About 1 month ago, I decided to do some copy testing on one of the pages. This page had a #1 ranking for a 2-word phrase with 17.6M competing pages in Google. Traffic for that keyword is light, so I would categorize this as a only a moderatley competitive keyword.
In order to do the copy testing, I had to replace this #1 ranking page with a meta-refresh that redirected all visitors to rotator script, which then split the visitors to various versions of the page I was testing with different copy on each one.
Shortly after making this change, the page disappeared from the SERPs for the keyword it had been #1 for.
I ended my test yesterday (so the "real" page had been gone for a month). Put the page with the new copy back up in place of the meta-refresh page. And today the page is back at #1 - only 24 hours later.
The page is displayed in the SERPs as only the URL, i.e. [blahblah.com...] - no title tag, no description snippet.
Now here's what is interesting.
I have another domain that I put up sometime this spring, didn't do anything to it, didn't get any links, nada. I was just going to use it for some testing with AdWords.

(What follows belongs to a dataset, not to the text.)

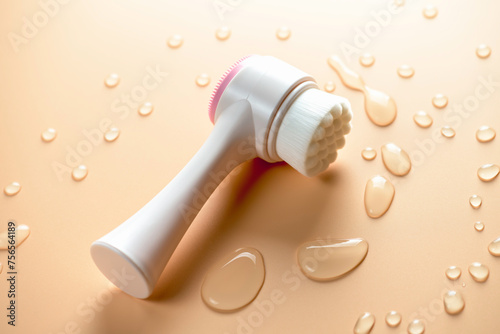 Brush for washing and cleaning the face with drops of water. Hygienic device. Female beauty.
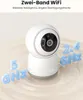A white security camera is shown with text overlays indicating its dual-band WiFi capabilities. Produktbild-Vorschau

I forgot about this second domain until about 2 mos ago. I got some free links back to this second domain by submitting a bunch of my articles to a directory. The links back to this second domain were all in the form of [keyword1-keyword2-keword3.com...] . No real anchor text per se, but the keywords are in the url. I got about 50 of these links from good high PR pages in this other directory.
I can find this second domain in Google, but it is buried for its phrase.
And get this... Google displays it in the SERPS as [keyword1-keyword2-keword3.com...] - no title tag, no description snippet.
It seems that Google held my place in line so to speak for the first page which had effectively been removed for a month.
Yet this new domain seems that it may be held back even though it ranks #1 for allinanchor for the 3 words in the url (I am not sure cause I have not put a lot of energy into getting it to rank - though the 3-word phrase is specific enough that it should show up with 50+ backlinks).
Strange new algo indeed.
The other domain I mentioned above is still stuck in the sandbox, even though it has 50 or so PR6 pages linked to it from a domain that I don't own (I am not whining - just reporting observations). BTW, those 50 new links are only about 2 mos. old, and the domain went up in May 2004 (I think).